In case you were interested in full on phantom types, you can do it like this (not sure it’s worth it, but it typechecks):

module AWS.Phantom exposing (Thrown, NotThrown)
{- Not exposed -}

type Thrown
    = Thrown

type NotThrown
    = NotThrown
module AWS exposing (AwsError, PossibleErrors, foo, bar)

import Dict exposing (Dict)
import AWS.Phantom exposing (..)


type AwsError rec
    = AwsError String

type alias PossibleErrors =
    { foo : NotThrown, bar : NotThrown, baz : NotThrown }

{-| These are the actual services.

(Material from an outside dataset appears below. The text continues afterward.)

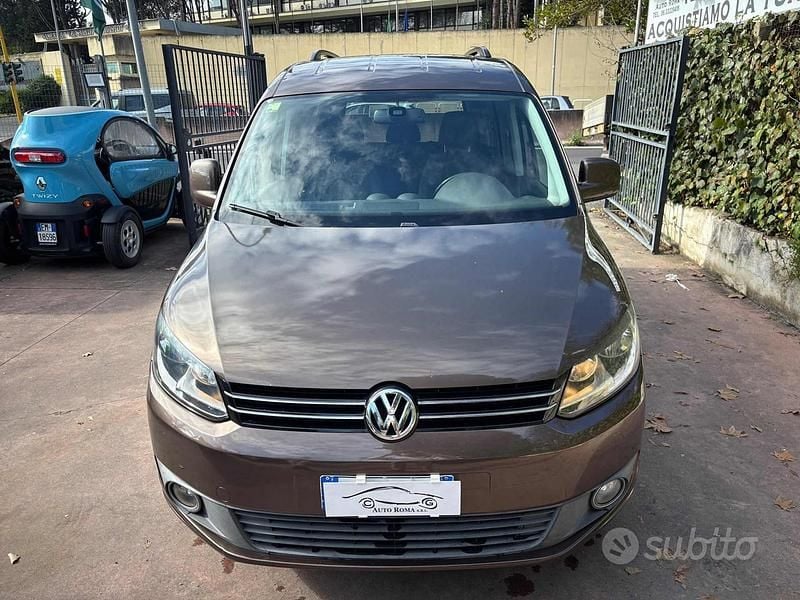 Usata VW Caddy 102 CV (75 kW) 2011 Marrone Monovolume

The type indicates which errors can be thrown -}
bar : Int -> Result (AwsError { a | baz : Thrown, bar : Thrown }) Int
bar n =
    Debug.todo "not implemented"


foo : Int -> Result (AwsError { a | foo : Thrown, bar : Thrown }) Int
foo n =
    Debug.todo "not implemented"
module AWS.ErrorHandler exposing (Handler, new, FooError, handleFoo, handleBar, handleBaz, handle)

import Dict exposing (Dict)
import AWS.Phantom exposing (..)
import AWS exposing (PossibleErrors)

{-| These make it nicer to read -}
type alias Handled =
    Thrown

type alias NotHandled
    = NotThrown


{-| This type encapsulates error handling logic -}
type Handler resultType errors
    = Handler (Dict String (String -> resultType))

{-| The api here follows a builder pattern -}
newHandler : Handler b PossibleErrors
newHandler =
    Handler Dict.empty

type FooError
    = FooError


{-| Each possible error gets a function. These can each pass custom metadata to user code -}
handleFoo : (FooError -> b) -> Handler b { a | foo : NotHandled } -> Handler b { a | foo : Handled }
handleFoo fn (Handler handler) =
    Handler (Dict.insert "FooError" (parseFooErrorStr >> fn) handler)

{-| They each track which errors are handled in the handler -}
handleBar : (FooError -> b) -> Handler b { a | bar : NotHandled } -> Handler b { a | bar : Handled }
handleBar fn (Handler handler) =
    Debug.todo "not implemented"


handleBaz : (FooError -> b) -> Handler b { a | baz : NotHandled } -> Handler b { a | baz : Handled }
handleBaz fn (Handler handler) =
    Debug.todo "not implemented"

{-| Finally we convert the type into a function that handles an error. At this point we assert that the two records need to match - we have provided a handler for each error. -}
handle : AwsError a ->Handler b a ->  b
handle  (AwsError error) (Handler handler) =
    case Dict.get (parseErrorType error) handler of
        Just fn ->
            fn error

        Nothing ->
            Debug.todo "an excersize for the reader"


parseErrorType : String -> String
parseErrorType e =
    Debug.todo "not implemented"


parseFooErrorStr : String -> FooError
parseFooErrorStr e =
    Debug.todo "not implemented"

And then finally, an example of usage:

myTask =
    case AWS.bar 2 |> Result.andThen (\n -> AWS.foo n) of
        Ok n ->
            n

        Err err ->
           ErrorHandler.newHandler
              |> ErrorHandler.handleFoo (always 3) 
              |> ErrorHandler.handleBar (always 3) 
              |> ErrorHandler.handleBaz (always 3)
              |> ErrorHandler.handle err

Ah sorry, I was just referring to the oft-linked post https://medium.com/@rchaves/child-parent-communication-in-elm-outmsg-vs-translator-vs-nomap-patterns-f51b2a25ecb1 and drawing analogies between each of the three approaches there and some same approaches for error handling.

Ah that’s really cool! It looks like you’re essentially hacking in some rudimentary polymorphic variants/extensible unions with some of the same underlying ideas as what’s going on here: https://github.com/natefaubion/purescript-variant by emulating algebraic datatypes with higher order functions.

I stand corrected. Phantom types give you more than I thought (although things get painful if you try to mix and match this and I can’t think of a reasonable implementation of "an exercise for the reader" other than Debug.crash because if expose the Maybe from the get you get an API that’s equivalent to just having exposed the dictionary directly at which point all the type stuff doesn’t really matter)!